=== Task brief ===
Write out the line with "wywrotka-zdalnie-sterowana-ruchem-gestem-reki-budowa-1-22" and every later line through the end of the data below, exactly as given, with no pictures in the copy.

----- Source data -----

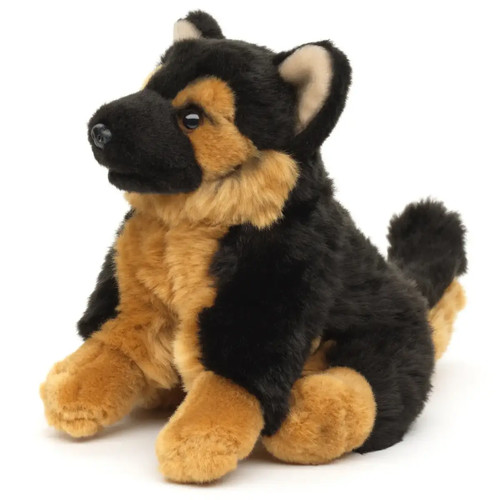 Uni toys l42226ra - uni,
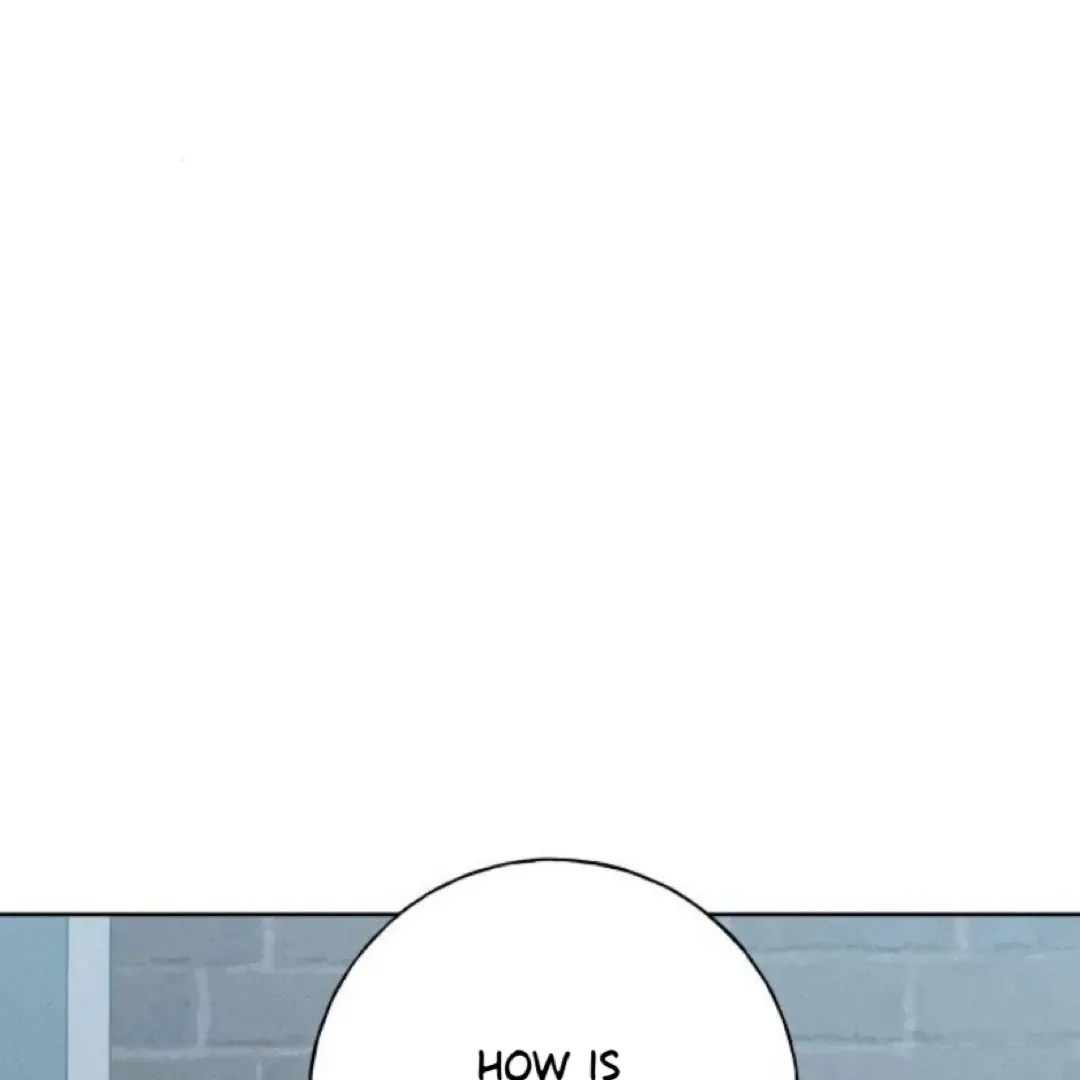 Chapter 23 — page 131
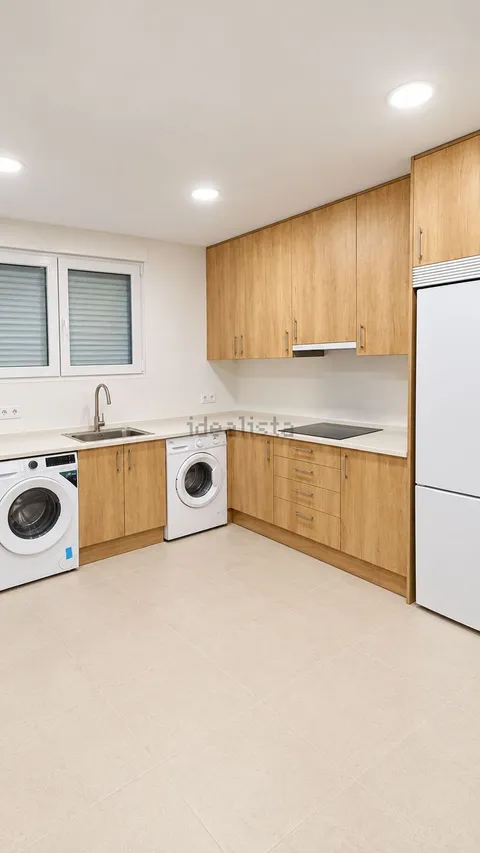 Habitació de lloguer, Tauste
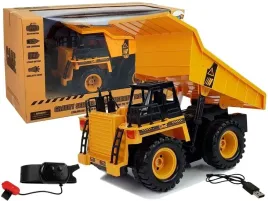 wywrotka-zdalnie-sterowana-ruchem-gestem-reki-budowa-1-22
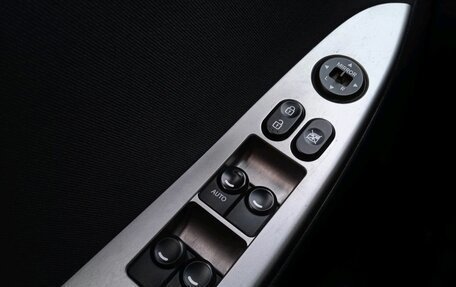 Hyundai Solaris II рестайлинг, 2015 год, 790 000 рублей, 17 фотография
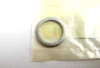 NISSAN 110264N200 (фото 1)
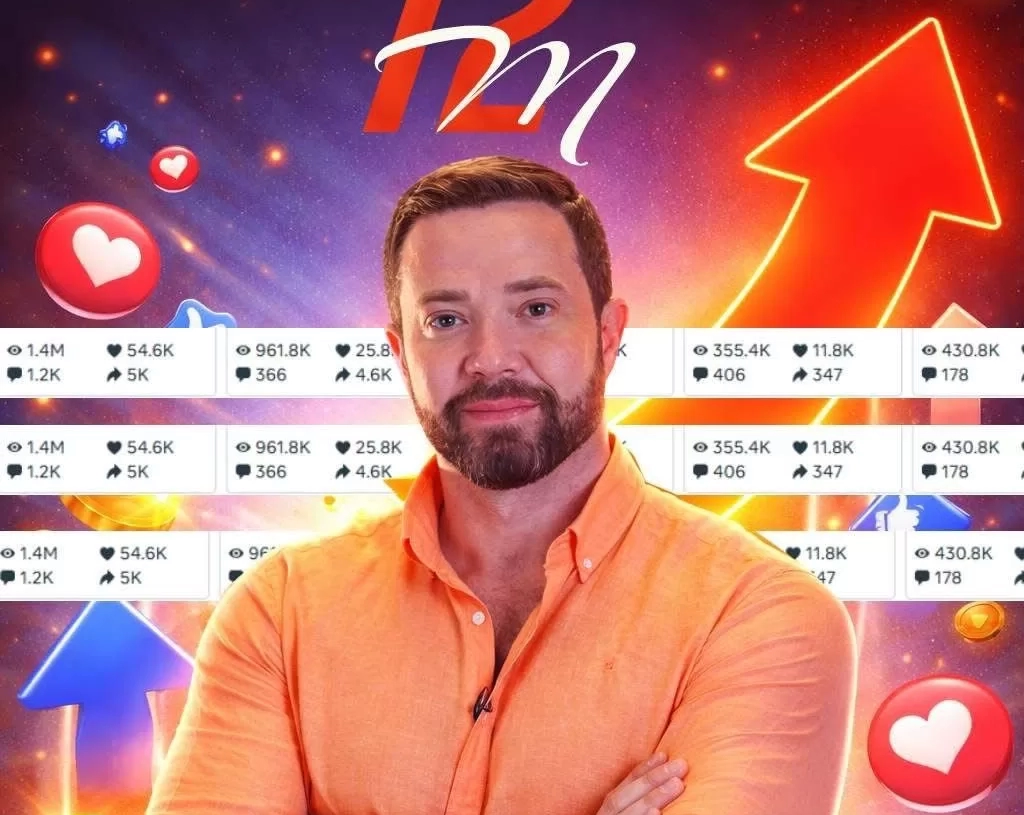 تامر شلتوت يحقق 12 مليون مشاهدة ب "كرامات" في الثلث الأول من رمضان 17 - جريدة المساء تامر شلتوت يحقق 12 مليون مشاهدة ب "كرامات" في الثلث الأول من رمضان 16 - جريدة المساء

-----

=== Response ===
 wywrotka-zdalnie-sterowana-ruchem-gestem-reki-budowa-1-22
 Hyundai Solaris II рестайлинг, 2015 год, 790 000 рублей, 17 фотография
 NISSAN 110264N200 (фото 1)
 تامر شلتوت يحقق 12 مليون مشاهدة ب "كرامات" في الثلث الأول من رمضان 17 - جريدة المساء تامر شلتوت يحقق 12 مليون مشاهدة ب "كرامات" في الثلث الأول من رمضان 16 - جريدة المساء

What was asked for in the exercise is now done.